• DIRECTIONS:
Omit the pictures, then reproduce exactly the line bearing "Assurance of Salvation" and every line after it up to and including the last line of the entries below.

++++++++

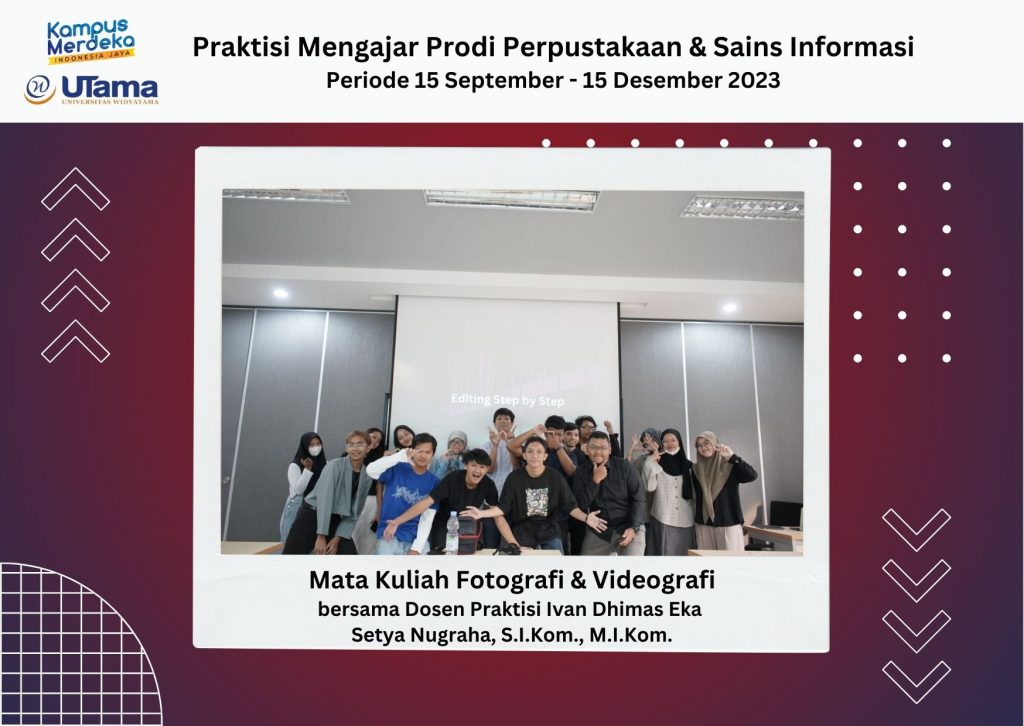 Implementasi MBKM Praktisi Mengajar dalam Mata Kuliah Fotografi dan Videografi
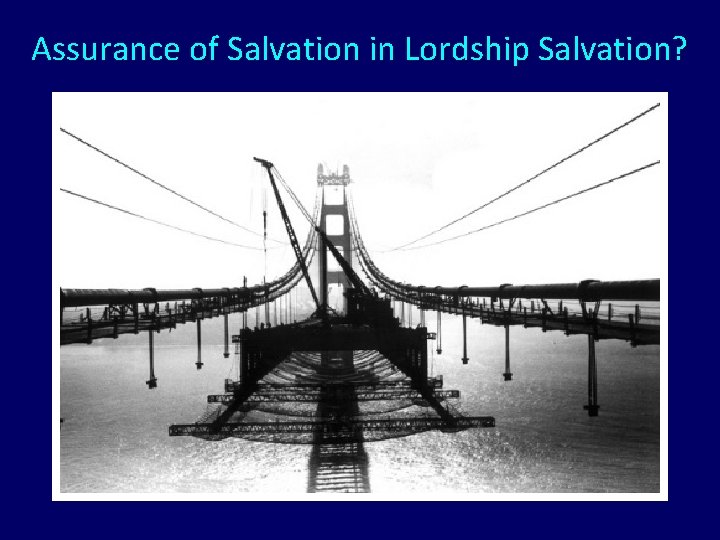 Assurance of Salvation in Lordship Salvation? 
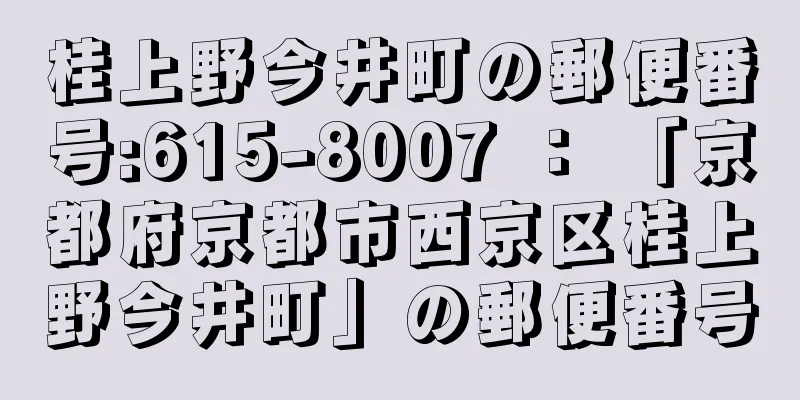 桂上野今井町の郵便番号:615-8007 ： 「京都府京都市西京区桂上野今井町」の郵便番号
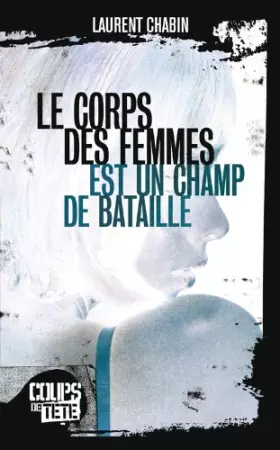 Couverture du produit · Le Corps des femmes est un champ de bataille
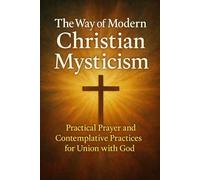 The Way of Modern Christian Mysticism: Practical Prayer and Contemplative Practices for Union with God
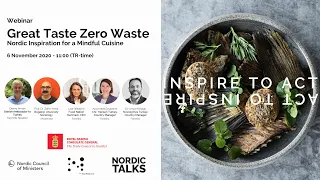 Nordic Talks - Great Taste Zero Waste: Nordic Inspiration for a Mindful Cuisine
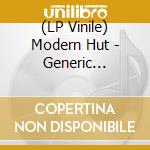 (LP Vinile) Modern Hut - Generic Treasure vinile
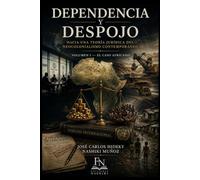 Dependencia y Despojo: El Principio de Causalidad Estructural y la Teoría Jurídica del Neocolonialismo Contemporáneo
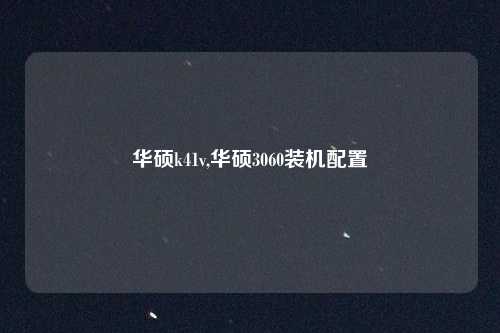 华硕k41v,华硕3060装机配置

++++++++

• REPLY TO THE EXERCISE:
 Assurance of Salvation in Lordship Salvation? 
 桂上野今井町の郵便番号:615-8007 ： 「京都府京都市西京区桂上野今井町」の郵便番号
 Couverture du produit · Le Corps des femmes est un champ de bataille
 The Way of Modern Christian Mysticism: Practical Prayer and Contemplative Practices for Union with God
 Nordic Talks - Great Taste Zero Waste: Nordic Inspiration for a Mindful Cuisine
 (LP Vinile) Modern Hut - Generic Treasure vinile
 Dependencia y Despojo: El Principio de Causalidad Estructural y la Teoría Jurídica del Neocolonialismo Contemporáneo
 华硕k41v,华硕3060装机配置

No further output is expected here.